**What you should do:**
Return all the lines below, exactly as they read.

**Records shown:**
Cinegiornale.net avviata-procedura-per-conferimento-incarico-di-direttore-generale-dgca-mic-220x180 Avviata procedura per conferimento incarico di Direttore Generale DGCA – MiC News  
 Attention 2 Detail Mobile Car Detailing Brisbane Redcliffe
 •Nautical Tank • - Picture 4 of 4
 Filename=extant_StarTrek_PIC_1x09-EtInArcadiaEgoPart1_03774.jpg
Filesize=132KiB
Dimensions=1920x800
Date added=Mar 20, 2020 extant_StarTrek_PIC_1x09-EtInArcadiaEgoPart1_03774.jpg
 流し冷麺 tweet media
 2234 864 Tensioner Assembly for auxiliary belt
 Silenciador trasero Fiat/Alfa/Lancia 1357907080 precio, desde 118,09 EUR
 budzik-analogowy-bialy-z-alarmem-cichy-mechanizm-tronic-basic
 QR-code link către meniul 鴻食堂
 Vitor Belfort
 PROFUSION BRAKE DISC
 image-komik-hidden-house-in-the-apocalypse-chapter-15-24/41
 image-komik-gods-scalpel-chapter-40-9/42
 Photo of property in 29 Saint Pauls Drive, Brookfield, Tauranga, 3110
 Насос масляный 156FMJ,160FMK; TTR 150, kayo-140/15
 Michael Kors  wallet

**Answer box:**
Cinegiornale.net avviata-procedura-per-conferimento-incarico-di-direttore-generale-dgca-mic-220x180 Avviata procedura per conferimento incarico di Direttore Generale DGCA – MiC News  
 Attention 2 Detail Mobile Car Detailing Brisbane Redcliffe
 •Nautical Tank • - Picture 4 of 4
 Filename=extant_StarTrek_PIC_1x09-EtInArcadiaEgoPart1_03774.jpg
Filesize=132KiB
Dimensions=1920x800
Date added=Mar 20, 2020 extant_StarTrek_PIC_1x09-EtInArcadiaEgoPart1_03774.jpg
 流し冷麺 tweet media
 2234 864 Tensioner Assembly for auxiliary belt
 Silenciador trasero Fiat/Alfa/Lancia 1357907080 precio, desde 118,09 EUR
 budzik-analogowy-bialy-z-alarmem-cichy-mechanizm-tronic-basic
 QR-code link către meniul 鴻食堂
 Vitor Belfort
 PROFUSION BRAKE DISC
 image-komik-hidden-house-in-the-apocalypse-chapter-15-24/41
 image-komik-gods-scalpel-chapter-40-9/42
 Photo of property in 29 Saint Pauls Drive, Brookfield, Tauranga, 3110
 Насос масляный 156FMJ,160FMK; TTR 150, kayo-140/15
 Michael Kors  wallet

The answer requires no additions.